The decade in TV: Ten shows that raised the boob tube's IQ

"There's nothing good to watch on TV."

It's a familiar complaint, voiced repeatedly since mom and pop bought their first black-and-white Philco. But if you uttered those words during the past 10 years, you weren't paying close enough attention — or didn't have cable.

This, after all, was the decade in which television raised its game — when TV junk food gave way to brain food.

That might sound ludicrous considering that the decade tortured us with Temptation Island, Joe Millionaire and hundreds of other reality-TV nightmares.

But it also served us The Sopranos, Lost, Mad Men and The Wire. It gave us shows that were audacious and ambitious, artful and sophisticated. Shows that embraced mature themes and challenged us to think.

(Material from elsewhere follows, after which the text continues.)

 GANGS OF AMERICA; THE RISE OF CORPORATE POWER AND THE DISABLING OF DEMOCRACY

Here are our picks for the best TV shows of decade — choices that were made on the basis of artistic achievement, originality and cultural impact.

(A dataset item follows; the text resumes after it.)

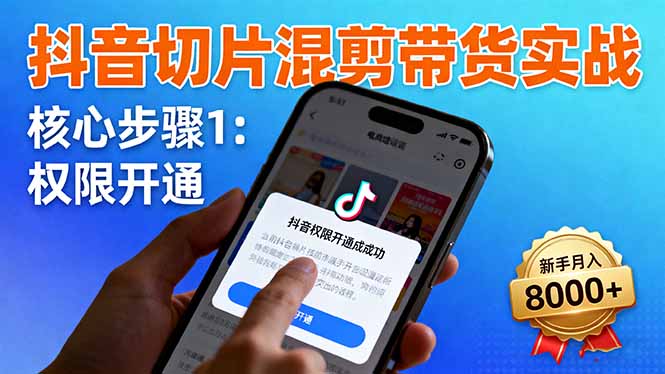 抖音切片混剪带货实战:权限开通、商品挂车、混剪手法,新手月入8000+-优优云网创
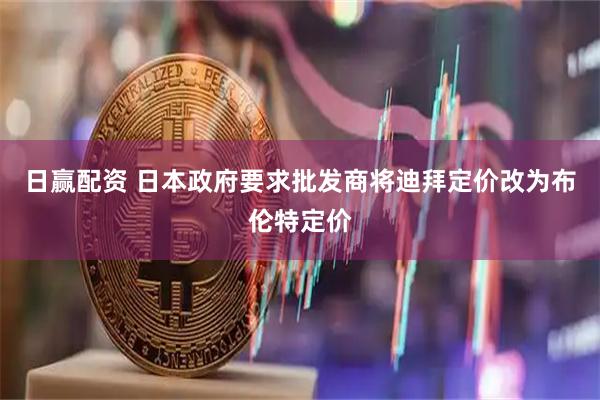 日赢配资 日本政府要求批发商将迪拜定价改为布伦特定价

1. The Sopranos (HBO, 1999-2007): Creator David Chase gave us a protagonist like none we had ever seen: A beefy, baggy-eyed mobster (and family man) with a hair-trigger temper, a weakness for the ladies and some serious mommy issues. Impeccably played by James Gandolfini, Tony Soprano was both revolting and riveting. Chase surrounded him with a superlative cast, including the fabulous Edie Falco, and he took them all on a wild ride with more twists and curves than a Bada-bing girl. Many shows would later deploy their own Tony-like anti-heroes, but none quite managed to replicate The Sopranos' stimulating blend of social commentary, wicked humor, psychological depth and violent intrigue.

2. Lost (ABC, 2004-present): It's the Rubik's Cube of TV shows. This plane-crash survival drama has had fans obsessed with trying to crack its numbers-crunching, monster-chasing, time-tripping mythology. But in addition to an intricate mystery, Lost has offered us a compelling web of personal stories tied to a diverse and ever-engaging group of island castaways. We can hardly wait for the final chapter to unfold.

3. The Wire (HBO, 2002-08): At a time when quick-and-tidy procedural cop dramas were spreading like a virus, David Simon's grim urban masterpiece resisted the simplistic approach, unfolding in novelistic leisure while deftly exploring its flawed characters and pertinent social issues. The result was a monumental achievement that was as rewarding as it was challenging.

4. Mad Men (AMC, 2007-present): Creator Matthew Weiner could have immersed his 1960s drama in sugarcoated nostalgia. To his credit, he instead plunged us deep into the dark side of the American dream, exposing the lies behind our idealized pop-cultural imagery and the emotional scars that come with unbridled self-indulgence. Don Draper and his booze-guzzling, skirt-chasing cohorts demonstrate not only how much we have changed as a society, but how much we haven't.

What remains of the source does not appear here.